Building a multi-signal based defect prediction system for a friction stir welding process

Abstract

Abstract This paper presents a study undertaken to build a multi-signal based defect prediction system for a friction stir welding process, as a step toward developing an online monitoring system. Compared with previous studies, this study is new and more complete in the following senses: (i) the experiments cover wider range of conditions than before, yielding sufficient number of good and defective welds (including both “cold” and “hot”); (ii) multiple signals are used simultaneously; and (v) it is the first study on friction stir welding process monitoring to apply ant colony optimization (ACO) based feature selection to include only discriminatory features in the model prediction. In friction stir (FS) welding of Aluminum Alloy 2219-T87, signals were acquired. Next signals were segmented into discrete windows to imitate data availability in an on-line monitoring system, and finally features were extracted using discrete wavelet transform (DWT). Extracted features were then pooled together and selected using ACO in the process of building model for testing.
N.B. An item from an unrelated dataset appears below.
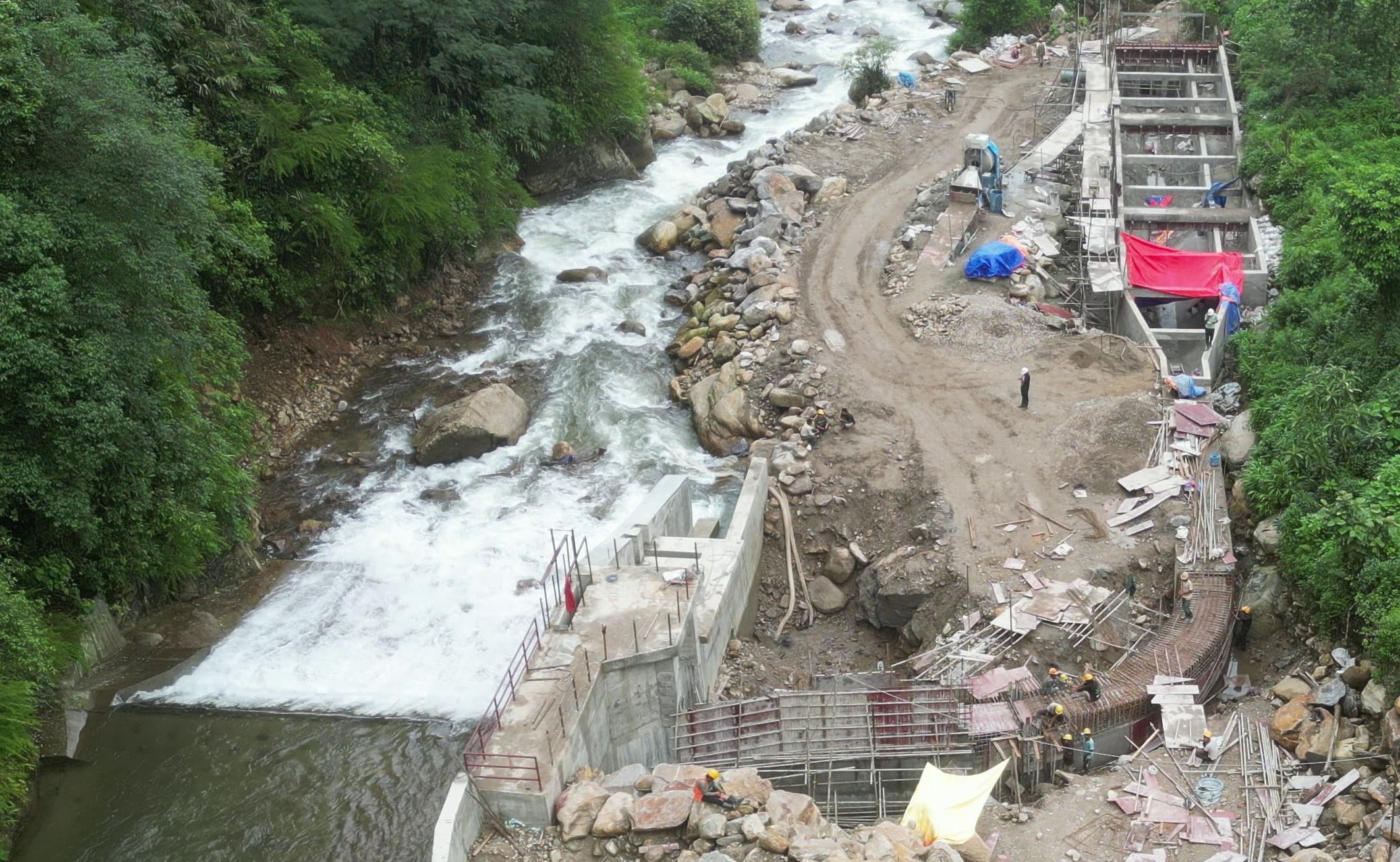 <p style="line-height: 1.5;">सुम्निमा हाइड्राेपावर कम्पनी लिमिटेड</p>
Predicting the quality of the weld is considered to be a 3-class classification problem that is evaluated using the wrapper method with KNN as the evaluation model. The leave-one-out test results show that feature extraction and selection on signals obtained in friction-stir-welding (FSW) can be a powerful method of defect detection when used with a machine learning algorithm for classification. The predictive power of models trained with selected features was able to yield 98.8487% classification accuracy. The work completed in this study provides a solid foundation for the creation of an on-line sensing system for monitoring the quality of a friction stirred welded specimen.